Veríssimo: crônicas da vida privada e do mundo

Luís Fernando Veríssimo, nascido em Porto Alegre, em 1936, foi (e sempre será) um daqueles escritores cuja obra, por mais fincada que esteja em sua própria cultura, se torna universal.

Algo que, no caso dele, tem a ver com a enorme capacidade em criar a partir de personagens, coisas, fatos e episódios dos mais simplórios, mas transformados em histórias que, sempre, falam muito sobre a humanidade. E Veríssimo fazia isto através de um enorme senso de humor, inteligente e refinado, que jamais sequer resvala em qualquer coisa que degrade ou oprima o ser humano.

Característica que pode ser encontrada nos mais de 60 livros, na infinidade de textos jornalísticos – publicados no “O Estado de S. Paulo”, “O Globo” (RJ) e no “Zero Hora” (RS), dentre outros – e em uma porção de coisas produzidas para a TV, o teatro e o cinema. Além, obviamente, de ser a essência de uma deliciosa galeria de personagens, como o Analista de Bagé, a Velhinha de Taubaté, Ed Mort e as impagáveis Cobras, presenças frequentes nas páginas de “O Pasquim”.

Crônicas de nossa vida privada e pública

Filho de Érico Veríssimo (1905-1975), Luís Fernando era um apaixonado por jazz (tocando saxofone numa sucessão de bandas até a “Jazz 6”, com a qual se apresentou até quando pôde) e entrou para o jornalismo ainda no final dos anos 1960.

Como todos seres pensantes de sua época, Veríssimo também teve que duelar com a ditadura militar, até mesmo porque seu humor sempre esteve a serviço da sátira e da ironia usadas como armas contra discursos totalitários e opressivos. Fossem eles dos milicos ou de seus agentes na sociedade civil.

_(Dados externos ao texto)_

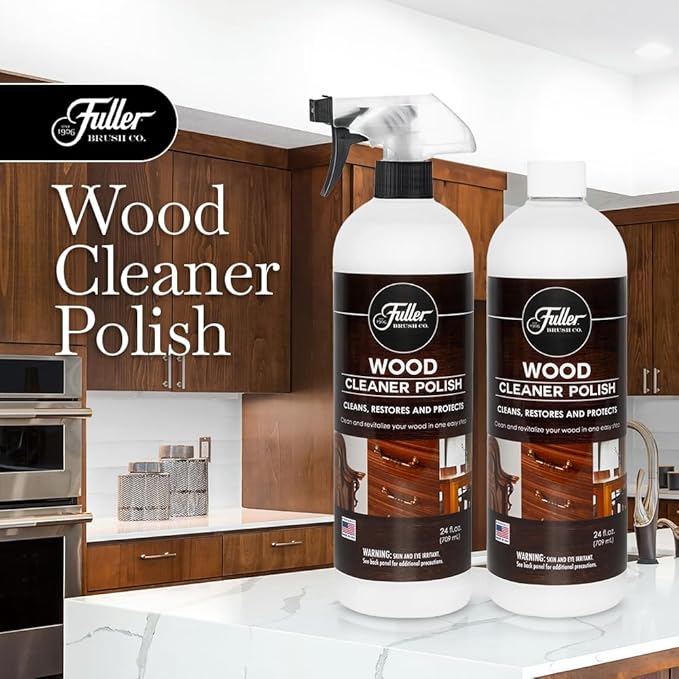 Fuller Brush Wood Polish & Cleaner – Conditions, Shines & Protects Wood Surfaces – Removes Dust, Smudges & Stains – Safe for Furniture, Cabinets, Tables & Trim - (Refill Bottle - Pack of 2)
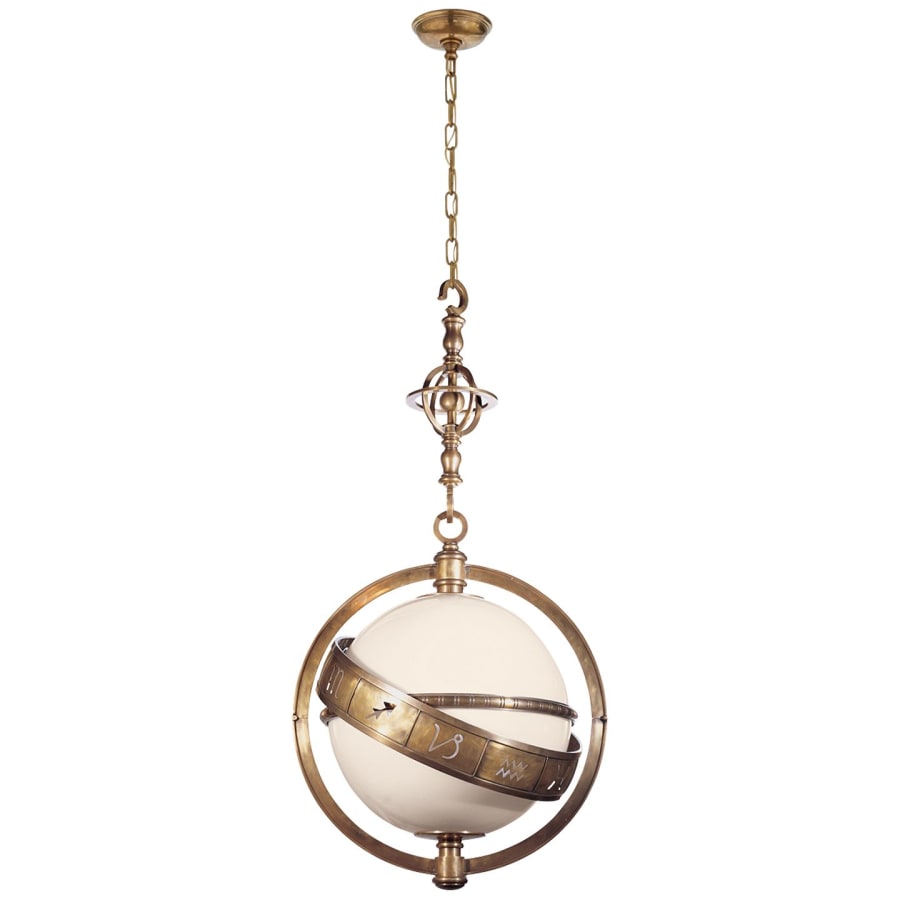 Visual Comfort Zodiac 23" Lantern with White Glass by E. F. Chapman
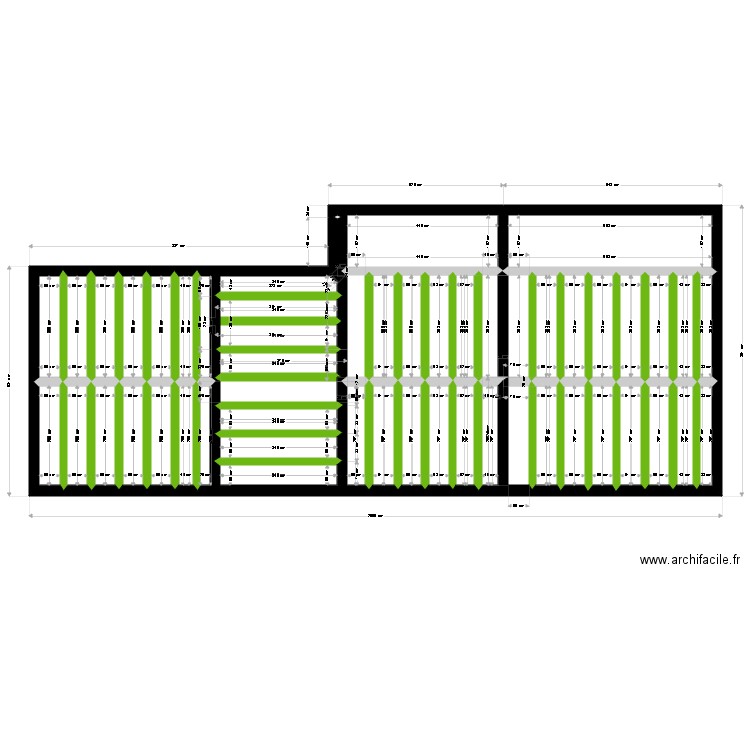 plan ossature plafond. Plan de 48 pièces et 92 m2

Exemplar disto foi a impagável Velhinha de Taubaté que, no início dos anos 1980, era última pessoa que ainda depositava alguma confiança no regime militar, na época personificado pelo famigerado João Baptista Figueiredo.

Contudo, como exemplo do olhar sempre atento e crítico de Veríssimo, a Velhinha foi “ressuscitada” nos anos 1990, quando Collor e FHC arrastavam o país para o abismo do neoliberalismo. E, de forma ultra significativa, foi dada como morta em 25 de agosto de 2005, quando, incrédula com os rumos do governo petista, particularmente do então Ministro da Fazenda Antonio Palocci, a Velhinha, provavelmente, cometeu suicídio.

Luís Fernando Veríssimo transformou o cotidiano em literatura e o humor em crítica sagaz | Foto: Bruno Veiga/Divulgação

“O mundo não é ruim, só está mal frequentado”

Nesse mesmo período, sua capacidade em criar historietas e crônicas a partir de “migalhas da realidade” contribuiu para alguns dos programas mais memoráveis da TV brasileira, até mesmo pelo conteúdo crítico e a ousadia, tanto na forma como no conteúdo, como “Comédia da vida privada” e “TV Pirata”.

A frase acima é uma das tiradas geniais de Veríssimo. E, com certeza, sua morte deixou o mundo pior. Contudo, felizmente, ele nos deixou um enorme legado em textos que sempre carregam um pouco de algo que me parece típico de um músico de jazz: criar observando tudo ao redor (os demais músicos, o público, o ambiente etc.), mesclando pesquisa, estudo e preparo com o prazer apaixonado pelo improviso.